Social Media and JournalismPosted: February 6, 2013
That social media is changing the field of journalism is no understatement. Facebook, Twitter and other forms of news sharing are all instant – someone posts or tweets, and then the whole world can know what is happening.
No longer does journalism follow a strictly 24 hour news cycle, where newspapers come out daily and citizens wait for the 5 o’clock news to learn of new happenings. Now, newspapers have websites. They have Facebook and Twitter accounts, share what news is happening right now, and start a conversation minutes after something takes place.

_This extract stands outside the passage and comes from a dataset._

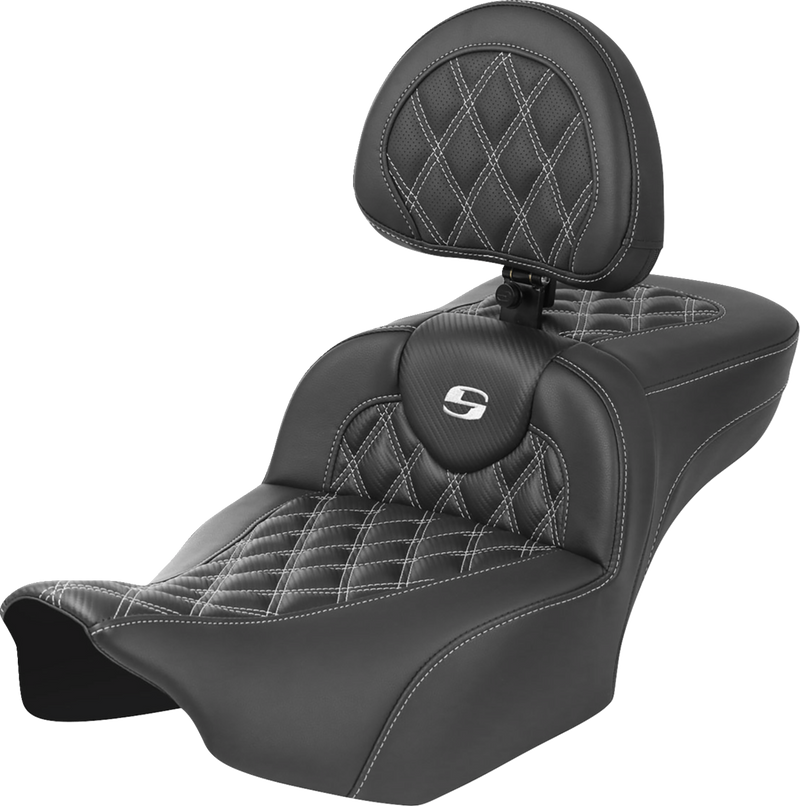 SADDLEMEN Roadsofa Extended Reach Seat - with Backrest - Lattice Stitch - White Stitch - FLTR/FLHX '23-'24 - 823-07-207B6 - PartsOutlet.com.au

In some ways, this is a good thing. Citizens know what is happening instantly, and can make informed decisions based on those happenings. However, social media also raises some questions for journalists.

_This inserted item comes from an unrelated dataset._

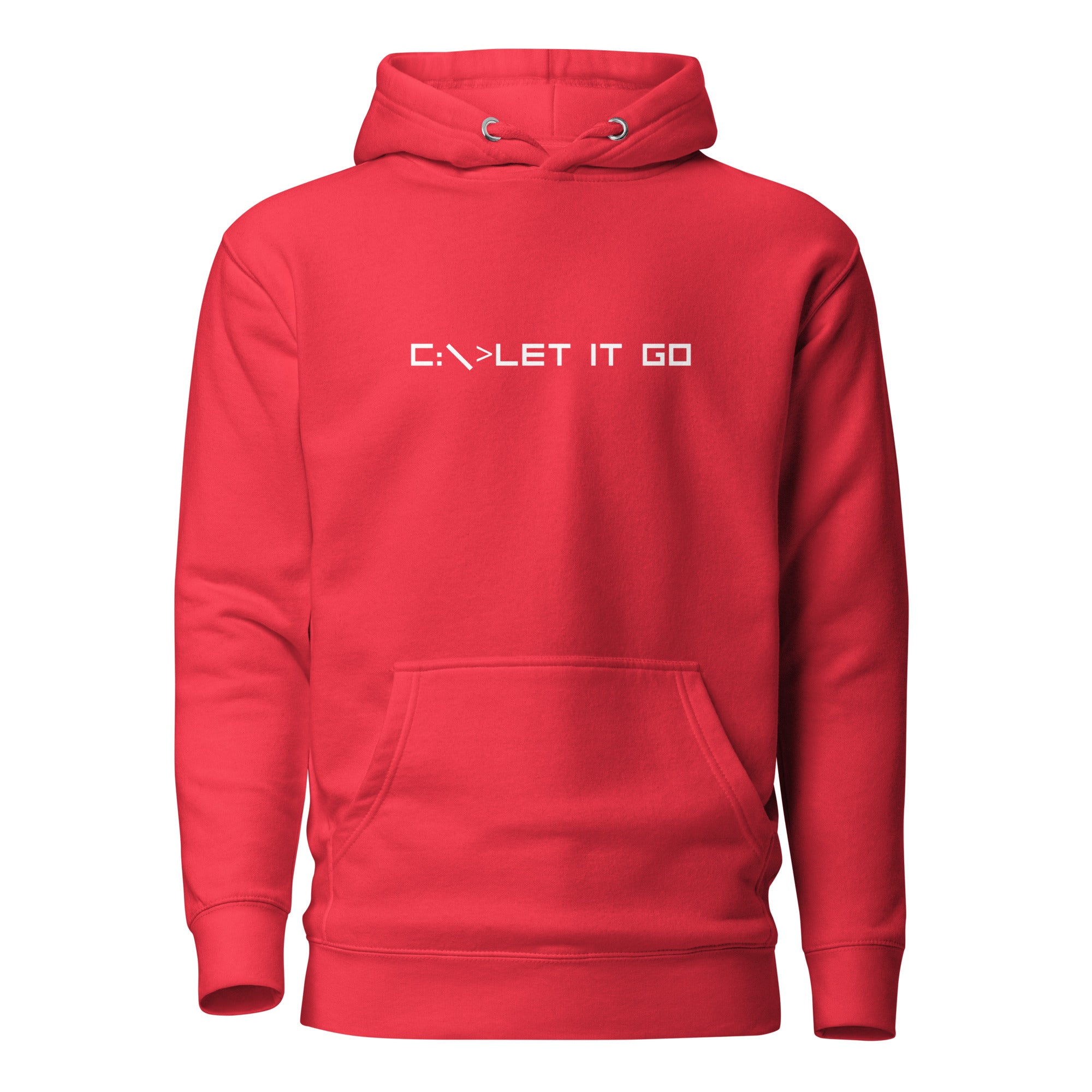 Red unisex hoodie featuring the phrase 'C:\>LET IT GO' in DOS computer-style text.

How do you know when a post or tweet is a reliable news source? In the Arab Spring, for instance, an entire movement was started through social media – not through a press conference. What is the proper way to verify information found through social media? And what if that information is not available anywhere else?
NPR journalist Andy Carvin, who recently published a book discussing social media’s impact on journalism, told NPR that using social media as a journalist is “kind of like running a newsroom on Twitter that’s become transparent. And rather than having news staff fulfilling the roles of producers, editors, researchers, etc., I have my Twitter followers playing all of those roles. So it ends up becoming this rather large, convoluted media literacy experiment in many ways.”
Is this a thought process that more journalists will end up using? How do you think the futures of journalism and social media will shape up?